ボクのおとうさんは、桃太郎というやつに殺されました。
2013年度新聞広告クリエーティブコンテストの受賞作品のコピーである。視点を変えれば別の世界が見えてくる。時に立場を変えて、いろんな感情があることに気付くことの大切さを教えてくれた。学校では道徳の教材にもなっているようだ。
岡山出身の作家、内田百閒に『桃太郎』という童話がある。「むかし、むかし、そのまた昔の大昔、ある所に、お爺さんとお婆さんがありました。」といつもどおりに始まるのだが、物語の主題は桃太郎の鬼退治ではなく、桃の実がその後どうなったか、である。なるほど、そうきたか。
岡山市中区国富二丁目に「内田百閒墓地」がある。
昨年生誕130年を迎えた内田百閒は、今の岡山市中区古京町で生まれた。墓碑には次のように刻まれている。
榮造(百閒)
明治二十二年五月二十九日生
昭和四十六年四月二十日歿
岡山中学校から第六高等学校という当時のエリートコースを歩んで東京帝国大学に進学した。夏目漱石に師事し、芥川龍之介とも仲が良かったという。童話から小説、随筆と幅広い作品を残した百閒だが、不朽の鉄道文学の一つとして知られるのが『阿房(あほう)列車』である。お墓の案内板にも「阿房列車」が登場する。
ほとんど岡山に帰らなかった百閒は、墓所のある操山の瓶井の多宝塔を、阿房列車の車中から遠望していた。古京の生家からこのあたりまでよく遊びに来ていた。内田家の4代のお墓がある。
百鬼園倶楽部
稀代の乗り鉄であった百閒には、故郷を通るたび、視界に収めたいものがあった。山陽本線の下り列車が百間川の鉄橋を渡るころ、左手車窓から操山の中腹に見える「瓶井(にかい)の塔」、それである。百閒の墓から山道を少し上ると、大きな塔が現れる。
同じく国富二丁目に「安住院多宝塔」がある。県の重要文化財に指定されている。
写真はさわっているうちに手彩色の絵葉書の風合いになってしまった。列車から見えても感激するくらいだから、間近で見る迫力は例えようがない。いつ建てられたのか、説明板を読んでみよう。

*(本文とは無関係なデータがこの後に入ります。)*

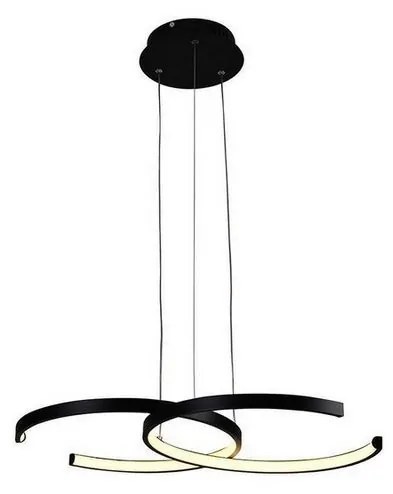 Lustră LED dimabilă pe cablu LED/50W/230V 3000-6500K + telecomandă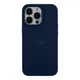 Чохол Silicone Case Full Size (AA) для iPhone 14 Pro Колір 11.Antique White - изображение 4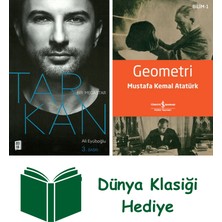 Mona Kitap Tarkan + Geometri + Dünya Klasiği Hediye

この塔は岡山平野を一望に収める瓶井山の中腹に建立された二層の塔婆で、宝形造の本瓦葺になり、総高二〇メートルを測る。下層は…(中略)。
上層は…(中略)。
この多宝塔は元禄年間(一六八八~一七〇三)に時の藩主池田綱政が後楽園の借景として建立に着手したと伝えられ、「みかえりの塔」として今日まで親しまれている。
平成元年六月
設置 岡山烏城ライオンズクラブ
監修 岡山市教育委員会
本当はもっと詳しいのだが、建築意匠に関することは省略した。下層には大日如来が安置されているという。重要なのは「後楽園の借景」とされていることだ。三名園の一つ後楽園は広いのだが、さらに雄大に見せるため、周囲の景観を取り込んでおり、特に多宝塔は借景のランドマークとして親しまれている。
帰り道、「みかえりの塔」だけに、その美しさをもう一度確かめようと振り返ったが、住宅にさえぎられて視界が狭い。遠く後楽園まで離れて眺めると、ちょうどよい景観になるのだから、借景はよくできている。美しい景観を百閒先生も私たちもまた借りて楽しんでいるが、いつの間にか心の豊かさという利息がたまってきたようだ。